Please also check out my recent article on the top 39 Google Analytics tools.

 

Best & Worst Landing Pages

The landing pages report in Google Analytics is a good place to start. To find it, follow these simple steps:

  1. From the Analytics account overview, select the ‘Reports’ option on the sidebar
  2. Then choose the ‘Behavior’ option from the drop-down
  3. Click ‘Site Content’
  4. Finally, choose the ‘Landing Pages’ alternative from the next drop down

Having followed the above instructions, you’ll see the landing pages report similar to the one below. The table of data lists all of your site’s landing pages. It also provides a wealth of useful information about each of them.

That information includes things like ‘sessions’, ‘bounce rate’ and ‘conversion rate’. These are invaluable when it comes to finding ways to increase revenue and reduce costs. Those figures, after all, let you keep track of the performance of your landing pages. The data also tells you which pages visitors land on.

Combined, this information provides you with insights on what is working well so you can apply those best practices to your other pages. Improve those conversion rates and you’ll see a corresponding jump in your profit margins.

 

Pages by Revenue Contribution

Analysing your site’s pages by revenue contribution is another of our handy Google Analytics tips. To view this report, you can follow the same pathway outlined above. That’s until you reach the ‘Site Content’ dropdown. You’ll then want to choose ‘All Pages’ rather than ‘Landing Pages’.

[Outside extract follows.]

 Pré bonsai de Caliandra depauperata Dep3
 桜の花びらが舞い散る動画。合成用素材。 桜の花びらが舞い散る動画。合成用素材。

This report presents you with a lot of the same data you will find on Landing Pages. The most useful information for reducing costs or increasing revenue is that on ‘page value’. ‘Page value’ provides you with the average value of each page of your site.

The metric is designed to give you a snapshot of how much a page contributes to overall site revenue. For instance, imagine a page’s ‘page value’ is zero. That means it’s never been visited in a session which has resulted in a transaction on your site.

Viewing your pages by revenue contribution helps you assess the performance of different areas of your site. You can ID pages that aren’t pulling their weight. You can also better judge the ROI of marketing campaigns which funnel visitors through a particular page.

 

Best & Worst Internal Site Search

Most websites – and almost all e-commerce sites – have an internal search feature. That’s a search bar that visitors can use to find specific products or pages on particular topics. Google Analytics allows you to keep track of how visitors are using this feature. You can find the relevant report by following the steps outlined below:

  1. Select the ‘Behavior’ option from the Reports sidebar
  2. Then click ‘Site Search’
  3. Finally, click ‘Search Terms’ from the resulting dropdown

When you do this you will be presented with a table showing all of the terms searched for by visitors to your site. It will display how many unique searches there have been for each term, along with other handy information. They include things like ‘exit rate’ and ‘search refinement’.

Knowing what terms visitors search for can be really handy. It shows you what your customers are interested in. It also suggests what’s possibly missing from or not easily found on your website.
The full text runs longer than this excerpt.